Web page caption snippets:
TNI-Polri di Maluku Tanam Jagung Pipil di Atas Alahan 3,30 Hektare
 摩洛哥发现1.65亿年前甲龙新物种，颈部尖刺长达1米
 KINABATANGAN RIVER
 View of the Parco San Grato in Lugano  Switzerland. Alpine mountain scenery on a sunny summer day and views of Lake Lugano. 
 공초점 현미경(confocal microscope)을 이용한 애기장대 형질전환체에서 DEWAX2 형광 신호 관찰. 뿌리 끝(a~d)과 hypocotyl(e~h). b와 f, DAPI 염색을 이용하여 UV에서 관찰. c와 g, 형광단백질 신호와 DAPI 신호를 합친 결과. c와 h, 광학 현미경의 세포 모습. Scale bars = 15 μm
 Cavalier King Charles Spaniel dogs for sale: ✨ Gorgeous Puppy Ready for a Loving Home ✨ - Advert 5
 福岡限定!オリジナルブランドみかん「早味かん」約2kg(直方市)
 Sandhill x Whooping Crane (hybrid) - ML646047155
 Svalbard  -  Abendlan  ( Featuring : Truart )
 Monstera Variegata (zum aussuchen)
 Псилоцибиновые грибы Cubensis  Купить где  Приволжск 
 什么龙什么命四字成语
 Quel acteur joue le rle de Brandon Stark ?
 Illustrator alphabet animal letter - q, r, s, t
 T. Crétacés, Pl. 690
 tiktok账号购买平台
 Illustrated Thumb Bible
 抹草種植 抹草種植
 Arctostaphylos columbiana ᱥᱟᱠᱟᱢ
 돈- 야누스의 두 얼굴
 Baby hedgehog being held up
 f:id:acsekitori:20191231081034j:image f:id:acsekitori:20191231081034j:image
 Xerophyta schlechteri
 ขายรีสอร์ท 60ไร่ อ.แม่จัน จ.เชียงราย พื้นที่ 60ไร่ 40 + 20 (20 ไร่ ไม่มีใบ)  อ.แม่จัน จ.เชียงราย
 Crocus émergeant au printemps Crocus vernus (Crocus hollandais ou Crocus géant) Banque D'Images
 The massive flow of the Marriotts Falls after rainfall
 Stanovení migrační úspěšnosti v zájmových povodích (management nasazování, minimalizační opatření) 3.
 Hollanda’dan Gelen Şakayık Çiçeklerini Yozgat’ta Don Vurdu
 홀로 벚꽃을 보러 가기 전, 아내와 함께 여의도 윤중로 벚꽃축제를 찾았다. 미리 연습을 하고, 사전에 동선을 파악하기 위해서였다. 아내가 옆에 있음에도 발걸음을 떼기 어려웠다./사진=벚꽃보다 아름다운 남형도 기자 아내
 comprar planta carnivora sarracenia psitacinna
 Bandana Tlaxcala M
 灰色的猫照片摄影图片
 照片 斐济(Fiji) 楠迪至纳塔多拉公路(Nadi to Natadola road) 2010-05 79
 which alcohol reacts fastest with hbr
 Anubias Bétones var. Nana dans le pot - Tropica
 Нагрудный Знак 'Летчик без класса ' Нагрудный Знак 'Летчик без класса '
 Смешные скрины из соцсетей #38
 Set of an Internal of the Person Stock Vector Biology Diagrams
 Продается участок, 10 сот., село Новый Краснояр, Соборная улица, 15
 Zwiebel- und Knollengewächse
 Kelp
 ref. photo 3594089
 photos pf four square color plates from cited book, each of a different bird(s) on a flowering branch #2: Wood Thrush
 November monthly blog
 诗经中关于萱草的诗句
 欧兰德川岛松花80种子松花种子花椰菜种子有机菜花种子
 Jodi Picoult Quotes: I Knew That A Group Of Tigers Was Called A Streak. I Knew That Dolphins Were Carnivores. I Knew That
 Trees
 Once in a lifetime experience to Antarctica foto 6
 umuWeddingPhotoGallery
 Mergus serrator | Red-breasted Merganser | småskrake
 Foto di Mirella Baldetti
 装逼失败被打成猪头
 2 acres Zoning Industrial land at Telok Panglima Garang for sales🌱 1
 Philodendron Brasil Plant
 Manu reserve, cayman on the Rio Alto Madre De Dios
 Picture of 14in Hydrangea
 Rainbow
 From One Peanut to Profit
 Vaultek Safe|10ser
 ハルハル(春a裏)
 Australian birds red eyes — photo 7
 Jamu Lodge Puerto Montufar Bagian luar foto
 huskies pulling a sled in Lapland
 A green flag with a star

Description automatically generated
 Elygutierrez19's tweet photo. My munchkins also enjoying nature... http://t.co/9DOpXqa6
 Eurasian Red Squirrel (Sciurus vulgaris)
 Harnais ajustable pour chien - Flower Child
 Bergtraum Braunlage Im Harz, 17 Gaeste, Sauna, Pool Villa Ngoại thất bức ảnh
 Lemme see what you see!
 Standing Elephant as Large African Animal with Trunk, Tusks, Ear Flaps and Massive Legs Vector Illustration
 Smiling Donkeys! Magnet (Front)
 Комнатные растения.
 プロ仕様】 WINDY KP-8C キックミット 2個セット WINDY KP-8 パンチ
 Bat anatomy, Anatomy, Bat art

Work to be completed: Return the entries above exactly as they appear.

Exercise output:
TNI-Polri di Maluku Tanam Jagung Pipil di Atas Alahan 3,30 Hektare
 摩洛哥发现1.65亿年前甲龙新物种，颈部尖刺长达1米
 KINABATANGAN RIVER
 View of the Parco San Grato in Lugano  Switzerland. Alpine mountain scenery on a sunny summer day and views of Lake Lugano. 
 공초점 현미경(confocal microscope)을 이용한 애기장대 형질전환체에서 DEWAX2 형광 신호 관찰. 뿌리 끝(a~d)과 hypocotyl(e~h). b와 f, DAPI 염색을 이용하여 UV에서 관찰. c와 g, 형광단백질 신호와 DAPI 신호를 합친 결과. c와 h, 광학 현미경의 세포 모습. Scale bars = 15 μm
 Cavalier King Charles Spaniel dogs for sale: ✨ Gorgeous Puppy Ready for a Loving Home ✨ - Advert 5
 福岡限定!オリジナルブランドみかん「早味かん」約2kg(直方市)
 Sandhill x Whooping Crane (hybrid) - ML646047155
 Svalbard  -  Abendlan  ( Featuring : Truart )
 Monstera Variegata (zum aussuchen)
 Псилоцибиновые грибы Cubensis  Купить где  Приволжск 
 什么龙什么命四字成语
 Quel acteur joue le rle de Brandon Stark ?
 Illustrator alphabet animal letter - q, r, s, t
 T. Crétacés, Pl. 690
 tiktok账号购买平台
 Illustrated Thumb Bible
 抹草種植 抹草種植
 Arctostaphylos columbiana ᱥᱟᱠᱟᱢ
 돈- 야누스의 두 얼굴
 Baby hedgehog being held up
 f:id:acsekitori:20191231081034j:image f:id:acsekitori:20191231081034j:image
 Xerophyta schlechteri
 ขายรีสอร์ท 60ไร่ อ.แม่จัน จ.เชียงราย พื้นที่ 60ไร่ 40 + 20 (20 ไร่ ไม่มีใบ)  อ.แม่จัน จ.เชียงราย
 Crocus émergeant au printemps Crocus vernus (Crocus hollandais ou Crocus géant) Banque D'Images
 The massive flow of the Marriotts Falls after rainfall
 Stanovení migrační úspěšnosti v zájmových povodích (management nasazování, minimalizační opatření) 3.
 Hollanda’dan Gelen Şakayık Çiçeklerini Yozgat’ta Don Vurdu
 홀로 벚꽃을 보러 가기 전, 아내와 함께 여의도 윤중로 벚꽃축제를 찾았다. 미리 연습을 하고, 사전에 동선을 파악하기 위해서였다. 아내가 옆에 있음에도 발걸음을 떼기 어려웠다./사진=벚꽃보다 아름다운 남형도 기자 아내
 comprar planta carnivora sarracenia psitacinna
 Bandana Tlaxcala M
 灰色的猫照片摄影图片
 照片 斐济(Fiji) 楠迪至纳塔多拉公路(Nadi to Natadola road) 2010-05 79
 which alcohol reacts fastest with hbr
 Anubias Bétones var. Nana dans le pot - Tropica
 Нагрудный Знак 'Летчик без класса ' Нагрудный Знак 'Летчик без класса '
 Смешные скрины из соцсетей #38
 Set of an Internal of the Person Stock Vector Biology Diagrams
 Продается участок, 10 сот., село Новый Краснояр, Соборная улица, 15
 Zwiebel- und Knollengewächse
 Kelp
 ref. photo 3594089
 photos pf four square color plates from cited book, each of a different bird(s) on a flowering branch #2: Wood Thrush
 November monthly blog
 诗经中关于萱草的诗句
 欧兰德川岛松花80种子松花种子花椰菜种子有机菜花种子
 Jodi Picoult Quotes: I Knew That A Group Of Tigers Was Called A Streak. I Knew That Dolphins Were Carnivores. I Knew That
 Trees
 Once in a lifetime experience to Antarctica foto 6
 umuWeddingPhotoGallery
 Mergus serrator | Red-breasted Merganser | småskrake
 Foto di Mirella Baldetti
 装逼失败被打成猪头
 2 acres Zoning Industrial land at Telok Panglima Garang for sales🌱 1
 Philodendron Brasil Plant
 Manu reserve, cayman on the Rio Alto Madre De Dios
 Picture of 14in Hydrangea
 Rainbow
 From One Peanut to Profit
 Vaultek Safe|10ser
 ハルハル(春a裏)
 Australian birds red eyes — photo 7
 Jamu Lodge Puerto Montufar Bagian luar foto
 huskies pulling a sled in Lapland
 A green flag with a star

Description automatically generated
 Elygutierrez19's tweet photo. My munchkins also enjoying nature... http://t.co/9DOpXqa6
 Eurasian Red Squirrel (Sciurus vulgaris)
 Harnais ajustable pour chien - Flower Child
 Bergtraum Braunlage Im Harz, 17 Gaeste, Sauna, Pool Villa Ngoại thất bức ảnh
 Lemme see what you see!
 Standing Elephant as Large African Animal with Trunk, Tusks, Ear Flaps and Massive Legs Vector Illustration
 Smiling Donkeys! Magnet (Front)
 Комнатные растения.
 プロ仕様】 WINDY KP-8C キックミット 2個セット WINDY KP-8 パンチ
 Bat anatomy, Anatomy, Bat art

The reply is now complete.